• _PROBLEM TO WORK ON_:
The listing below holds a line with "Photo - z-103125-Vanderbilt Place E 42nd" and a line with "Photos: Shahid Kapoor". Reproduce those two lines exactly, plus everything between them.

• _RECORDS TO PROCESS_:
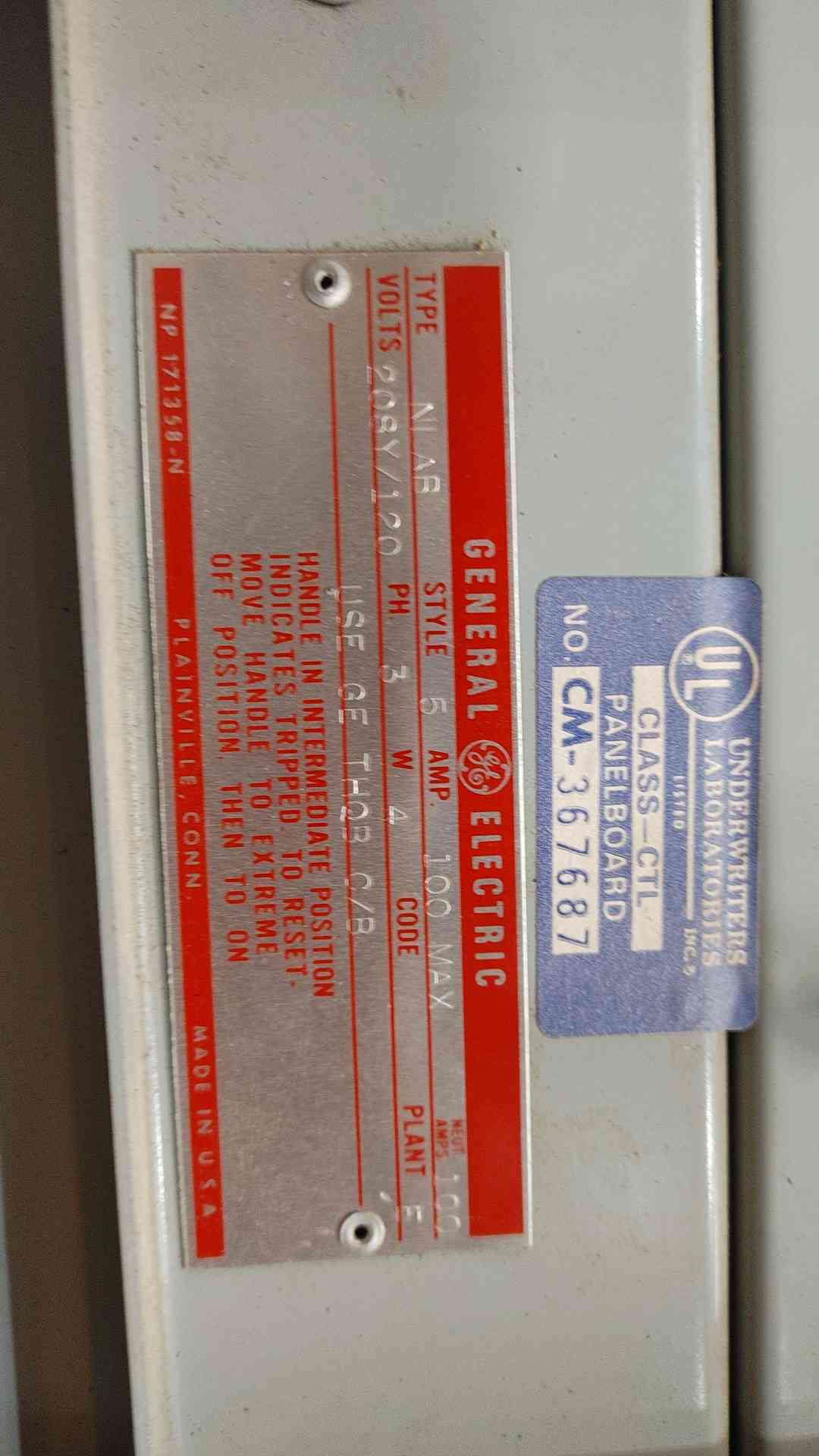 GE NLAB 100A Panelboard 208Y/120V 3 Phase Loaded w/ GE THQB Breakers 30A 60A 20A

...

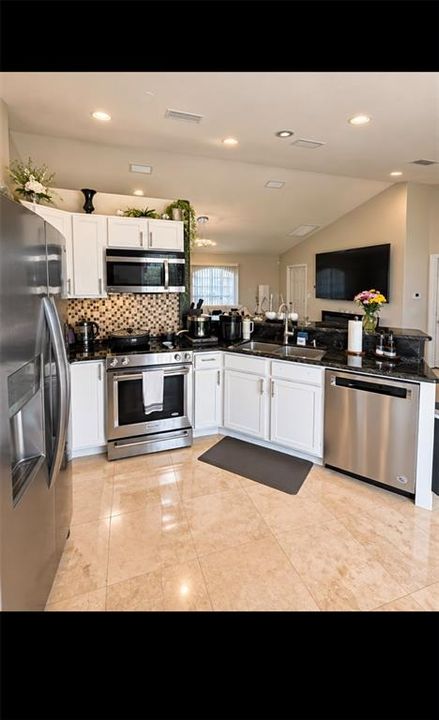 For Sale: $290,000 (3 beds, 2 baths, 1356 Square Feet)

...

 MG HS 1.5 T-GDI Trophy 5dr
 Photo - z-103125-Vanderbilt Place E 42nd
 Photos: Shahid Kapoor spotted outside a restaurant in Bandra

• _TASK OUTPUT_:
 Photo - z-103125-Vanderbilt Place E 42nd
 Photos: Shahid Kapoor spotted outside a restaurant in Bandra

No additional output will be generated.